11. De rechtbank is van oordeel dat [adres] te Overloon minder goed vergelijkbaar is met de woning. Naar verweerder ter zitting heeft aangegeven liggen de huizenprijzen in Overloon in het algemeen wat lager dan in Boxmeer. Dit uitgangspunt is echter niet te herleiden uit de matrix, nu [adres] wel (enigszins) groter is dan de woning, maar een even hoge m²-prijs heeft als de woning en niet een te verwachten lagere m²-prijs. Daarnaast is ook volgens verweerder de ligging niet vergelijkbaar met de woning. De rechtbank verwerpt daarom dit vergelijkingsobject.
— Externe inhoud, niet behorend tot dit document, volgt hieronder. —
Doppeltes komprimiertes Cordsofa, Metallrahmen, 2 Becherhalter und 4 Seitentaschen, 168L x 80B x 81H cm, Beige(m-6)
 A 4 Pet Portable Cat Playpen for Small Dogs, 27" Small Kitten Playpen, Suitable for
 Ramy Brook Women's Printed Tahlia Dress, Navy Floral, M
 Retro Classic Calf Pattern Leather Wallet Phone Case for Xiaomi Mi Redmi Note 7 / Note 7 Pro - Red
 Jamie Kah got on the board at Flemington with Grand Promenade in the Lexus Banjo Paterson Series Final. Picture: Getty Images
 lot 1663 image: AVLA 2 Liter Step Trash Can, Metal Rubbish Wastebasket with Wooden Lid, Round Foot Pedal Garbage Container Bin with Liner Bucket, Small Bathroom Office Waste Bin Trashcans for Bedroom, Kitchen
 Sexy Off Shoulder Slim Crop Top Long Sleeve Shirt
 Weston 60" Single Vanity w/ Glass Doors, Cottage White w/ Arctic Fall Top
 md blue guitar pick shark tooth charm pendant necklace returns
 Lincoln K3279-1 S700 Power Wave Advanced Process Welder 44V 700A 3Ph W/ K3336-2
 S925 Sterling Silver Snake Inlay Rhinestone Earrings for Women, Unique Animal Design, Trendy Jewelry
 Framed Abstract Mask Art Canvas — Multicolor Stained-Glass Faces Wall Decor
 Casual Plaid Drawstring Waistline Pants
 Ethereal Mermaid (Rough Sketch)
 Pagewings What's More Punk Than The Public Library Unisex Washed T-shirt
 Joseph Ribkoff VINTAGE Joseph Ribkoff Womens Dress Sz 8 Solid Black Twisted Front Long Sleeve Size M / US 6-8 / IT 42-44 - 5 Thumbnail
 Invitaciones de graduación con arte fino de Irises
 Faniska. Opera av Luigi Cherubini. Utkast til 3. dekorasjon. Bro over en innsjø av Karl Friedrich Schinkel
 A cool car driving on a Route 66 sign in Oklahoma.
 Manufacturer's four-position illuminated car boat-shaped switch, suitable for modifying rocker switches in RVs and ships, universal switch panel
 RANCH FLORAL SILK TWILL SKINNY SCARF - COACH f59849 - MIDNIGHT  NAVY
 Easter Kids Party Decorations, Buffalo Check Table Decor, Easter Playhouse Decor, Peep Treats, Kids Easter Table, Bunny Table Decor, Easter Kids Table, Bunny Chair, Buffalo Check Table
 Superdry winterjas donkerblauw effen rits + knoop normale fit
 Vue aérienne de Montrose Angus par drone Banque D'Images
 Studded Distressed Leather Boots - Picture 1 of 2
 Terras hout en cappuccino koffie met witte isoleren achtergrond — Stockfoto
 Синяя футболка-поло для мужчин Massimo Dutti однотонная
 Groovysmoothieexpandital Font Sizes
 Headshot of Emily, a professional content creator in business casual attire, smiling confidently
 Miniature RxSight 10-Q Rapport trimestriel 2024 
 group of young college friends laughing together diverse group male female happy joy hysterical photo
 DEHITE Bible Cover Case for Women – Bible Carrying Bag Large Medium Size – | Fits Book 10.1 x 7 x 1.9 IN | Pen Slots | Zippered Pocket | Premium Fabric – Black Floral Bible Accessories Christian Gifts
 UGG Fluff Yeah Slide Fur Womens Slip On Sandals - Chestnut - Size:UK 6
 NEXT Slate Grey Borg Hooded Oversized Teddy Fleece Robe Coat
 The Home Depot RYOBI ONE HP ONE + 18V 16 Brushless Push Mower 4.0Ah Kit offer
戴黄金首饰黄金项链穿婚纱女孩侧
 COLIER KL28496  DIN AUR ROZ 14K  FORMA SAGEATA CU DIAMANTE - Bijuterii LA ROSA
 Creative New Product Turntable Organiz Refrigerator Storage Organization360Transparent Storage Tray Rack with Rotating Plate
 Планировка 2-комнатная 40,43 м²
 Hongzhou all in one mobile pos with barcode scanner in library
Dat betekent ook dat eisers stelling dat voor de woning – evenals voor de nog resterende vergelijkingsobjecten – een hogere kavelprijs geldt dan voor dit vergelijkingsobject verder niet besproken zal worden.
12. De rechtbank is van oordeel dat de resterende vergelijkingsobjecten voor wat betreft de waardebepalende elementen voldoende vergelijkbaar zijn met de woning om te kunnen dienen als toetsmiddel voor het waardeniveau van de woning. Bij de vergelijkingsobjecten gaat het om nieuwe tot relatief nieuwe woningen uit 2015 en 2009. Zowel de woning als de vergelijkingsobjecten hebben een nagenoeg vergelijkbare perceelgrootte en zijn gelegen in Boxmeer. Niet onderbouwd of aannemelijk is dat het gaat om objecten in totaal andere wijken dan die van de woning. Ook hebben de woning en de vergelijkingsobjecten hetzelfde kwaliteits- en onderhoudsniveau (3) en dezelfde uitstraling en, op [adres] na, een nagenoeg vergelijkbare inhoud. Op basis van de verkoopcijfers van de gebruikte referenties, die zowel tussen- –als hoekwoningen omvatten, en die verder voldoende vergelijkbaar zijn met de woning van eiser, blijkt dat verweerder met deze waardebepalende elementen voldoende rekening heeft gehouden en de woning van eiser niet te hoog gewaardeerd is. Verweerder heeft verder aannemelijk gemaakt dat hij ook met de andere verschillen tussen de woning en de vergelijkingsobjecten, zoals de inhoud, het bouwjaar en de soort bijgebouw (vrijstaande berging of tuinhuis) voldoende rekening heeft gehouden. Verweerder heeft aldus naar het oordeel van de rechtbank de door hem voorgestane waarde aannemelijk gemaakt en is in zijn bewijslast geslaagd.
13. Vervolgens komt de rechtbank toe aan de vraag of eiser de door hem voorgestane lagere waarde van € 182.000 aannemelijk heeft gemaakt. De rechtbank is van oordeel dat dit niet het geval is en verwijst naar hetgeen zij daarover hiervoor onder rechtsoverweging 6. tot en met 9. reeds heeft overwogen. Eiser heeft de door hem bepleite waarde ook niet anderszins, bijvoorbeeld met een taxatierapport, onderbouwd.
14. Voorgaande overwegingen leiden de rechtbank tot de conclusie dat verweerder met de door hem overgelegde waardematrix en de toelichting in het verweerschrift en ter zitting in de op hem rustende bewijslast is geslaagd. De rechtbank is dan ook van oordeel dat de door verweerder voor de woning voor het kalenderjaar 2017 vastgestelde waarde van
€ 196.000 niet te hoog is.
15. Het beroep is ongegrond. Voor een proceskostenveroordeling bestaat geen aanleiding.

Beslissing

De rechtbank verklaart het beroep ongegrond.
Deze uitspraak is gedaan door mr. C.F.E. van Olden-Smit, rechter, in aanwezigheid van
mr. A. Zanlier, griffier. De beslissing is in het openbaar uitgesproken op 3 juli 2018.
griffier rechter
Afschrift verzonden aan partijen op:

Rechtsmiddel

Tegen deze uitspraak kan binnen zes weken na de dag van verzending daarvan hoger beroep worden ingesteld bij het gerechtshof te 's-Hertogenbosch. Als hoger beroep is ingesteld, kan bij de voorzieningenrechter van de hogerberoepsrechter worden verzocht om het treffen van een voorlopige voorziening of om het opheffen of wijzigen van een bij deze uitspraak getroffen voorlopige voorziening.